Though the entries contain pictures, the copy you make should hold only the rest, exactly as written.

Source information →
..........
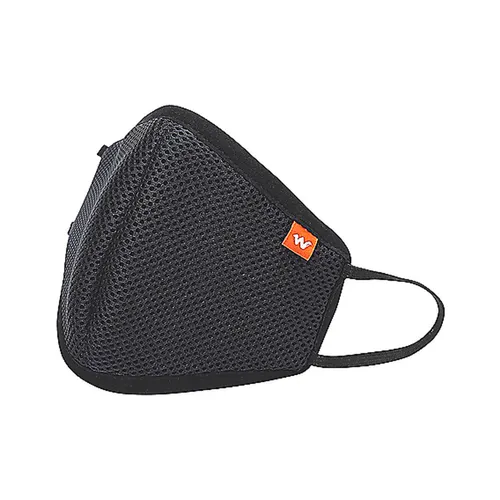 Wildcraft Face Mask at best price INR 75 / Piece in Jamnagar from Anant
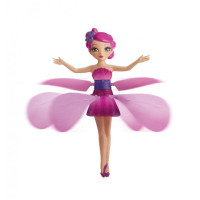 Іграшкова літаюча лялька - фея Flying Fairy (HD908)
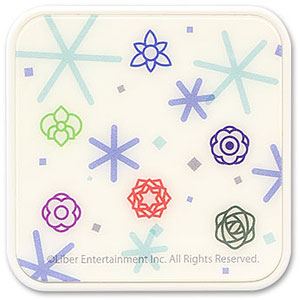 A3！ USB2ポート ACアダプタ 冬組 (AAA-07D)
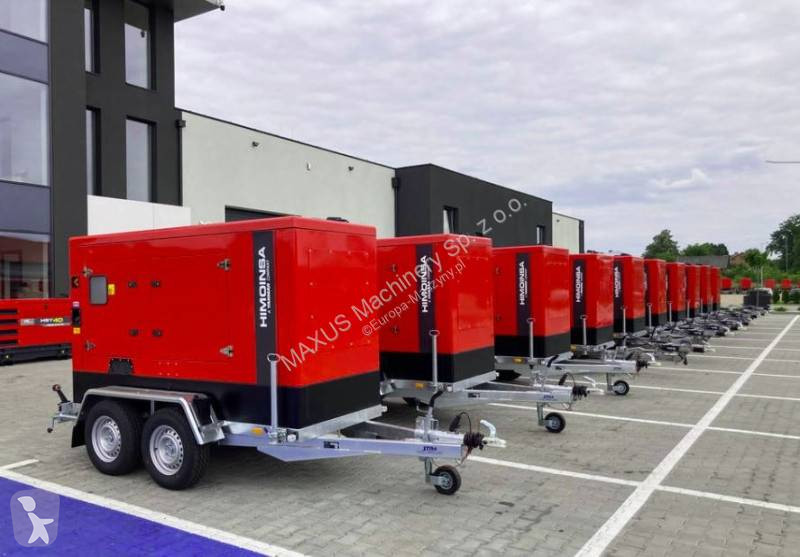 Materiaal voor de bouw Kipor Agregat...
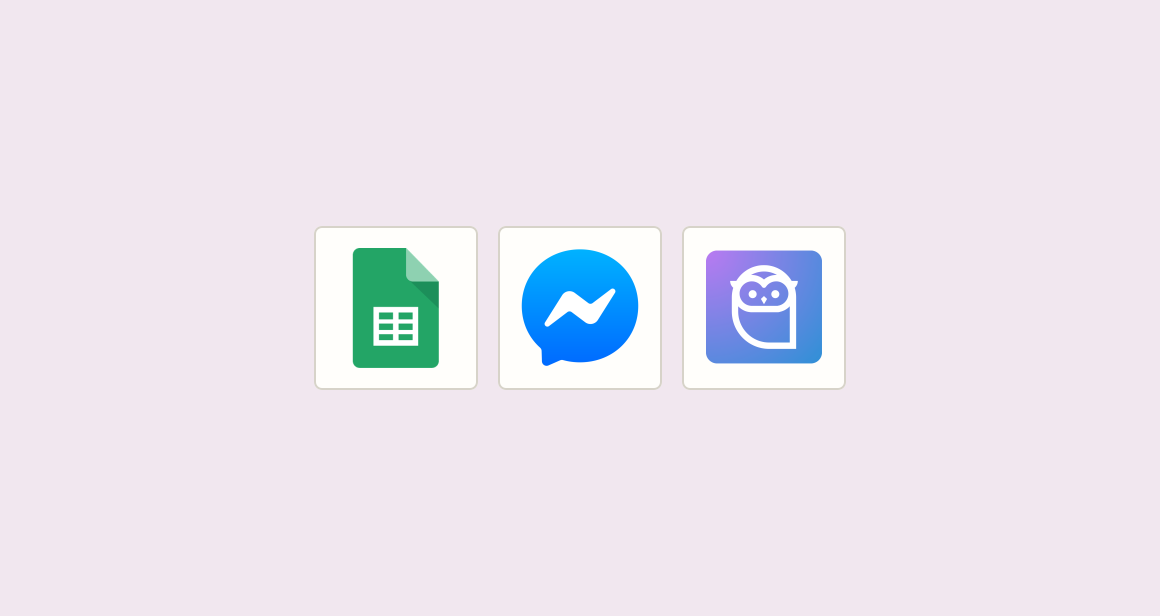 Update lead rows with parsed appointment and contact data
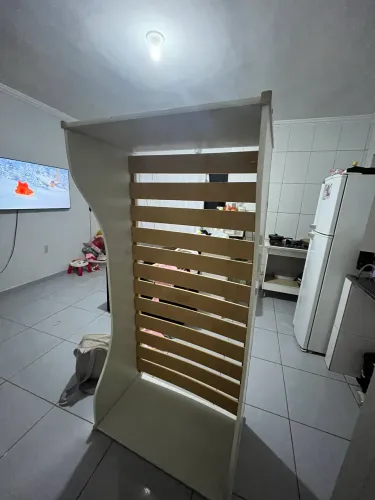 Cama infantil 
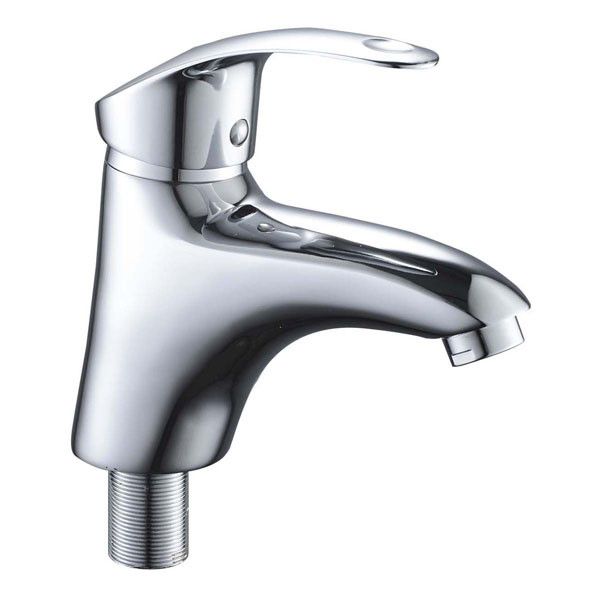 Смеситель для умывальника Cron MARS 001 гайка Смеситель для умывальника Cron MARS 001 гайка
..........
Result →
 Wildcraft Face Mask at best price INR 75 / Piece in Jamnagar from Anant
 Іграшкова літаюча лялька - фея Flying Fairy (HD908)
 A3！ USB2ポート ACアダプタ 冬組 (AAA-07D)
 Materiaal voor de bouw Kipor Agregat...
 Update lead rows with parsed appointment and contact data
 Cama infantil 
 Смеситель для умывальника Cron MARS 001 гайка Смеситель для умывальника Cron MARS 001 гайка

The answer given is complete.